Edited by Ben Marcus
Anchor Books ($13)
by Laird Hunt
In his Aesthetic Theory, Theodor Adorno writes of those artists, "of the highest rank," for whom "the sharpest sense of reality was joined with estrangement from reality." Future trajectories of taste and circumstance will determine just how many highest rankers The Anchor Book of New American Short Stories ultimately proves to contain, but it is certainly the case that many of the 29 works that make up this excellent gathering of contemporary American short fiction seem to echo the substantive portion of Adorno's phrase.

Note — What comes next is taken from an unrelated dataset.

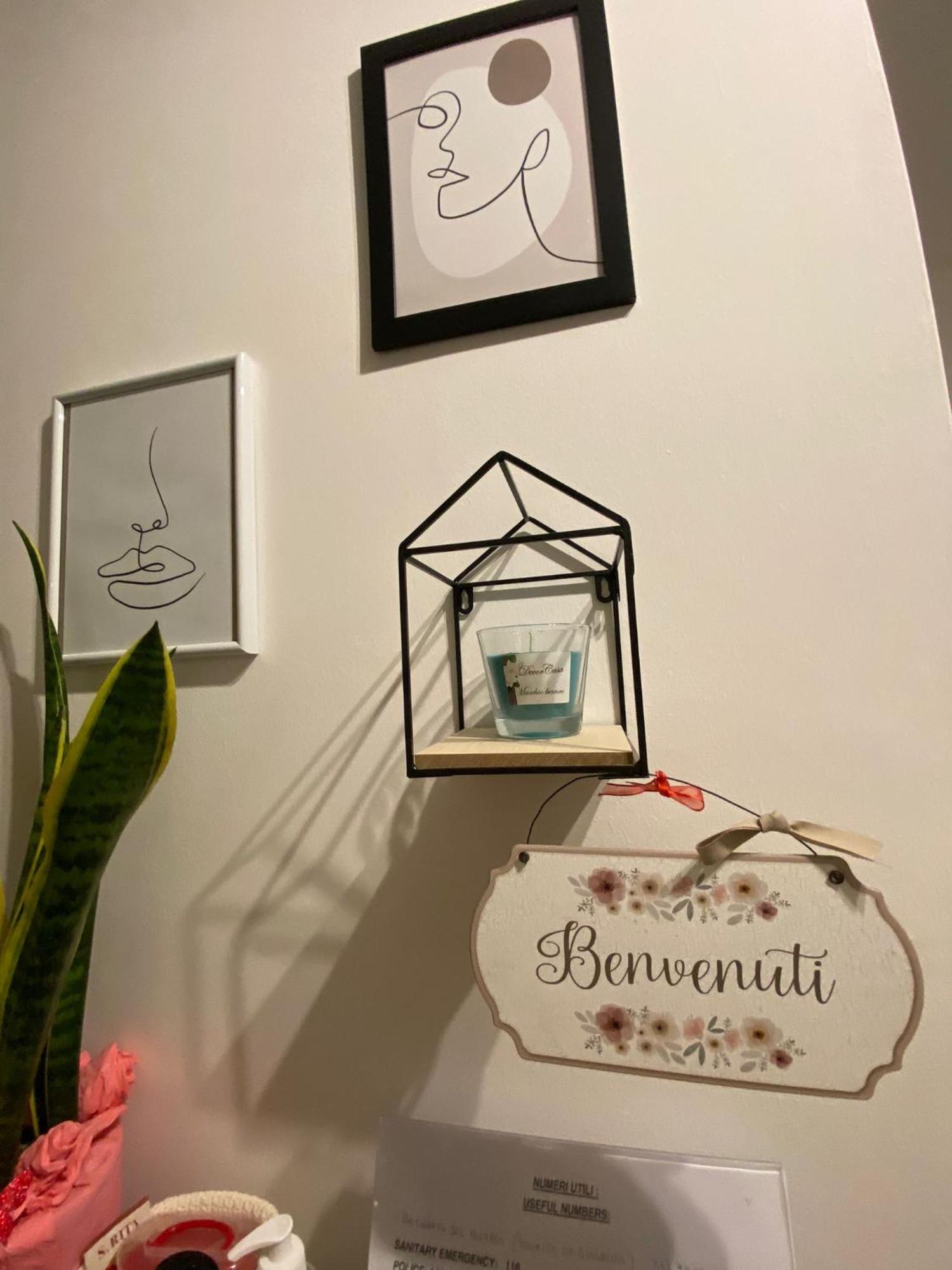 Bed and Breakfast Le Fonti Di Veggio Perugia Exterior foto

Whether in George Saunders intriguing neo-realist/neo-fabulist hybrid, in which shabby beefcake, trailer park particularities and resurrected relatives do a kind of double-time tango, or in Mary Caponegro's characteristically probing and quietly unsettling investigation of a priest who assigns himself expanded duties, or in Aleksandar Hemon's hilarious and strangely haunting mock biography of an individual whose gastro-intestinal "winds" excite the commentary of personages as historically foregrounded as Tito and Stalin, the world of appearances gets held up, even kissed, but then either shoved away or squeezed so hard it coughs, groans, and breaks into rivulets of fascinating multi-colored sweat. Consider, for example, the opening of Gary Lutz's "People Shouldn't Have to Be the Ones to Tell You":
He had a couple of grown daughters, dissapointers, with regretted curiosities and the heavy venture of having once looked alive. One night it was only the older one who came by. It was photos she brought: somebody she claimed was more recent. He started approvingly through the sequence. A man with capped-over hair and a face drowned out by sunlight was seen from unintimate range in decorated settings out-of-doors. The coat he wore was always a dark-blue thing of medium hang. But in one shot you could make out the ragged line of a zipper, and in another a column of buttons, and in still another the buttons were no longer the knobby kind but toggles, and in yet another they were not even buttons, just snaps. Sometimes the coat had grown a drawstring.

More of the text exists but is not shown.